**THE DATA:**
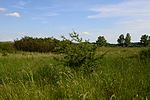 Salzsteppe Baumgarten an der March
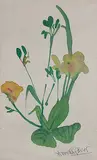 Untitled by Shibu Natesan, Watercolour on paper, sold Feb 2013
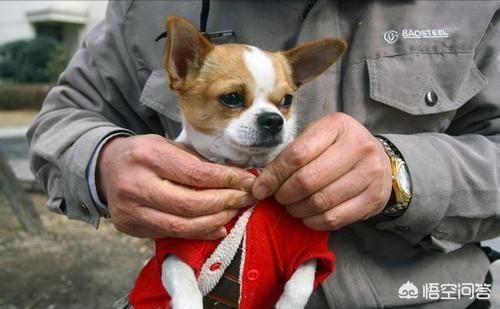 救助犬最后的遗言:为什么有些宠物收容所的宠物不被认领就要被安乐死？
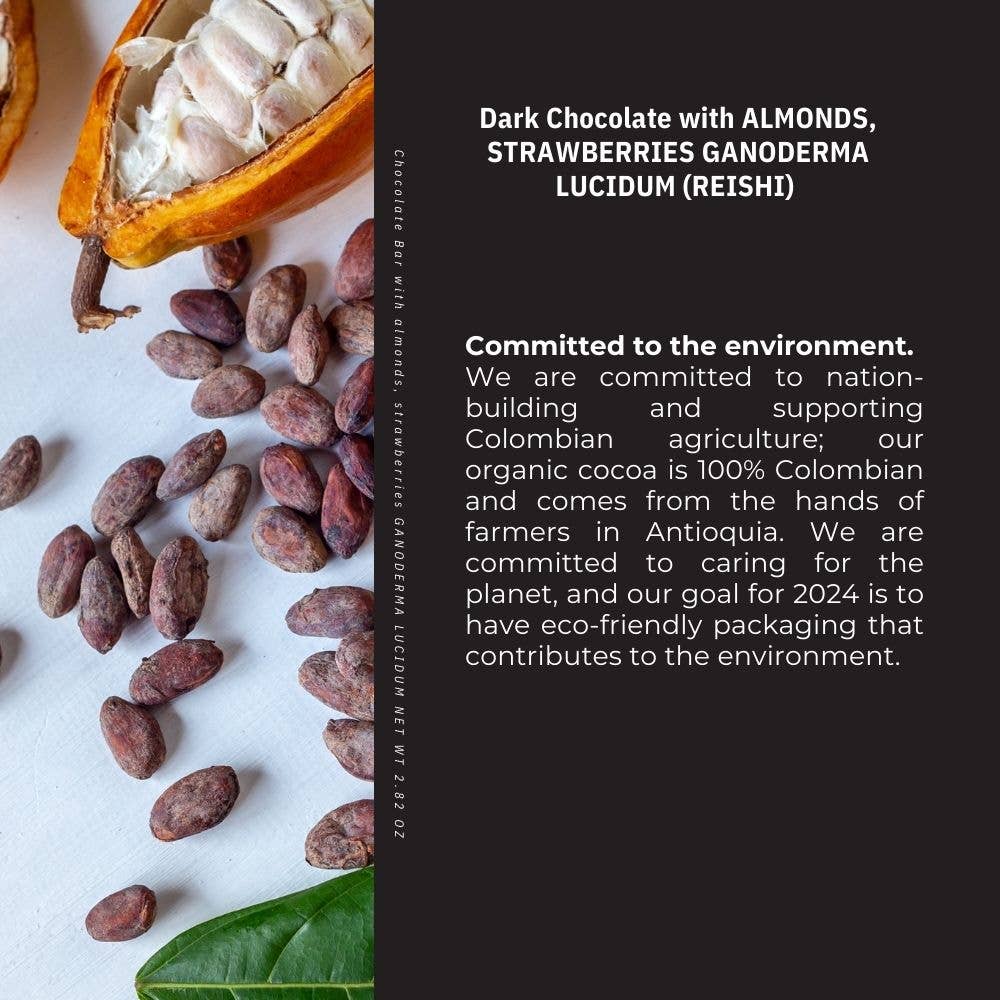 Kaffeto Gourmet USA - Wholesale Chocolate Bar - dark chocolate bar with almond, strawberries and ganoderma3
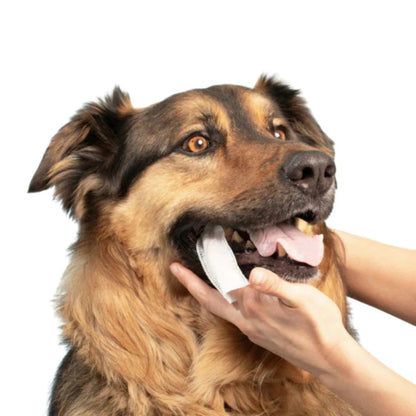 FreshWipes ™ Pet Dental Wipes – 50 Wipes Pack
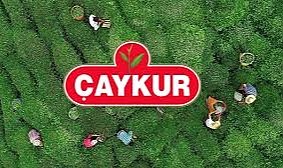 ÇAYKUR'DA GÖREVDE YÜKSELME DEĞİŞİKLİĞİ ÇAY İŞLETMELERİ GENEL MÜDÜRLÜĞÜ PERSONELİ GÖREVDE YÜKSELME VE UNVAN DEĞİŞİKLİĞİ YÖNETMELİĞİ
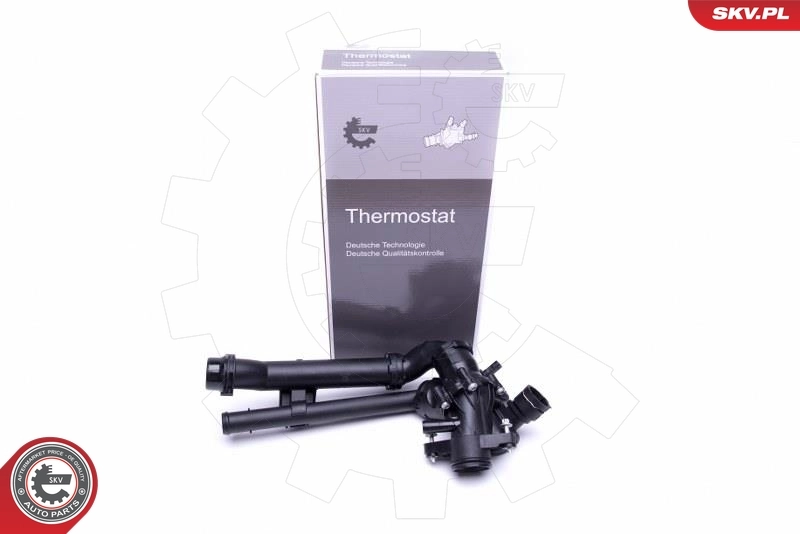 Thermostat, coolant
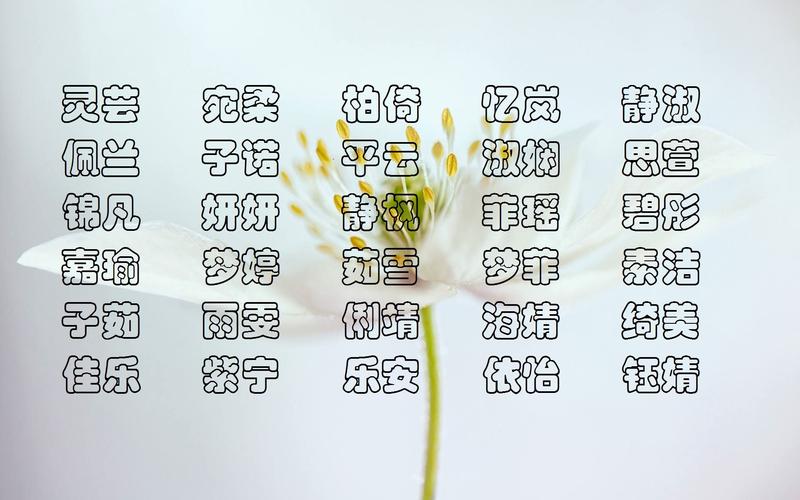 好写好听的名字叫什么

**WORK ORDER:** Every record must be copied exactly, with the pictures left out.

**ANSWER FOR THIS EXERCISE:**
 Salzsteppe Baumgarten an der March
 Untitled by Shibu Natesan, Watercolour on paper, sold Feb 2013
 救助犬最后的遗言:为什么有些宠物收容所的宠物不被认领就要被安乐死？
 Kaffeto Gourmet USA - Wholesale Chocolate Bar - dark chocolate bar with almond, strawberries and ganoderma3
 FreshWipes ™ Pet Dental Wipes – 50 Wipes Pack
 ÇAYKUR'DA GÖREVDE YÜKSELME DEĞİŞİKLİĞİ ÇAY İŞLETMELERİ GENEL MÜDÜRLÜĞÜ PERSONELİ GÖREVDE YÜKSELME VE UNVAN DEĞİŞİKLİĞİ YÖNETMELİĞİ
 Thermostat, coolant
 好写好听的名字叫什么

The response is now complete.